Today we’d like to introduce you to Zoë Nissman.
Zoë, please kick things off for us by telling us about yourself and your journey so far.
I was born and raised in Topanga Canyon down a dirt road. I spent a lot of time alone, a lot of time outside looking at leaves and flowers and insects and birds. I was convinced I could fly. I started drawing very young; it was an outlet for fantasy and a way to understand what I was seeing in nature. My parents put me in ballet class at three years old and it took. I performed in the Topanga Nutcracker Ballet every year. Experimentation was encouraged and dancing and drawing emerged as the dominant creative forces in my life.
I moved to NYC for undergrad. A few days after registering for fall classes I stood in my pajamas on Metropolitan Ave and watched as the second tower of the World Trade Center collapsed. Everything changed. The existential questions we ask ourselves in our early adult life were magnified. Innocence seemed to disappear over night. I was searching for direction and I dove deeper into the places that allowed me the freedom to express and create. I enrolled in photo classes and learned to shoot and develop film before digital photography took over. I studied African dance at Alvin Ailey and did experimental off-broadway theater. I lived in Dumbo above a paper recycling plant. My friend and I would blow up our black and white photos at Kinkos and wheat paste larger than life female nudes to the sides of buildings. It was illegal but no one stopped us.
After seven years in NYC I moved back to LA. I discovered LA’s east side. In 2005 Silver Lake was still rough around the edges and appeased my hunger for a different version of Los Angeles. I was taking dance classes at Edge PAC and someone suggested I check out a teacher named Ryan Heffington. One day after class Ryan invited me over and asked if I could model some clothing he’d made so he could take pictures before selling it. I remember posing in a voluminous striped silk balloon dress next to a giant cactus in his front yard. Ryan was different and I felt at home with him. He was passionate and playful and irreverent and I understood his appetite for experimentation. He took me under his wing along with many talented LA artists. He fostered a creative community that would indelibly change my life. I still dance with him.
In my mid twenties I’d started making bikinis on the floor of my Los Feliz studio apartment. I decided it would be smart to learn the nuts and bolts of fashion design and production so I went back to school to FIDM for an accelerated design and manufacturing degree. I went to school during the day and danced at Jumbo’s Clown Room at night to cover the rent. When I finished I started experimenting with surface print design which fused my love of drawing with my interest in fashion. Since I hadn’t studied textile design in school I had to convince an executive at a big corporate swimwear company to give me a chance at an entry level job in their art department. I used early youtube tutorials to teach myself adobe design tricks and watched how photographer friends edited images.
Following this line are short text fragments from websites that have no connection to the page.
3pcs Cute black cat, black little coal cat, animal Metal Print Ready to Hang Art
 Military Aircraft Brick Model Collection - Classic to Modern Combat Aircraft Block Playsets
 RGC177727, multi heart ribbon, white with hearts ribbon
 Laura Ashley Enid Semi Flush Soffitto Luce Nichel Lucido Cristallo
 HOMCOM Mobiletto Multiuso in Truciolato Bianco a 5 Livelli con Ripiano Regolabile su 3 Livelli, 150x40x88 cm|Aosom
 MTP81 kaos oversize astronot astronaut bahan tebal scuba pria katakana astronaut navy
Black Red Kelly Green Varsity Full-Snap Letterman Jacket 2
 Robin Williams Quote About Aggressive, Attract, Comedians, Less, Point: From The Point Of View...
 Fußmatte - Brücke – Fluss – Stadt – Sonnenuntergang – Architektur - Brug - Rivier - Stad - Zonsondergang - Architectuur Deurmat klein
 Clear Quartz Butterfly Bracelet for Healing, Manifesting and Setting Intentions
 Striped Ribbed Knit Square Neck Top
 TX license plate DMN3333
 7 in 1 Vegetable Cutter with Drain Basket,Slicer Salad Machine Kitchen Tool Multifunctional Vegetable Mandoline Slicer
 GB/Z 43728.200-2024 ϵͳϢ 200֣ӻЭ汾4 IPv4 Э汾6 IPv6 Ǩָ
One of my early fashion design heroes was Mara Hoffman. I discovered her before I went back to school and I was in love with her silhouettes, her use of color and pattern. It was still pretty early in my career when I was on my way to NYC for a small graphic job when I got word Mara was looking for a freelance print designer. The chances seemed slim but I got an interview. She had a small office at the time in Manhattan’s flower district. I remember the room smelled like a freshly watered garden. I sat across from her at a big cutting table and presented my portfolio and we talked about astrology. At the end of the interview, seemingly without hesitation, she asked if I could start the next day. It was one of the happiest moments of my life and a pivotal one in my career. Much like Ryan, Mara is a fearless creator and she inspires that in the people around her. She is a “yes and…” kind of person, which I’ve learned is the mark of a good leader. Always respecting the creativity around them and driving the ship forward. We’ve worked on numerous collections over the years and I was honored when she invited me to create the Vogue CFDA book with her. She’s become a life long teacher and friend. Years later I worked with her on her new activewear collection and introduced her to Ryan who choreographed her activewear launch video.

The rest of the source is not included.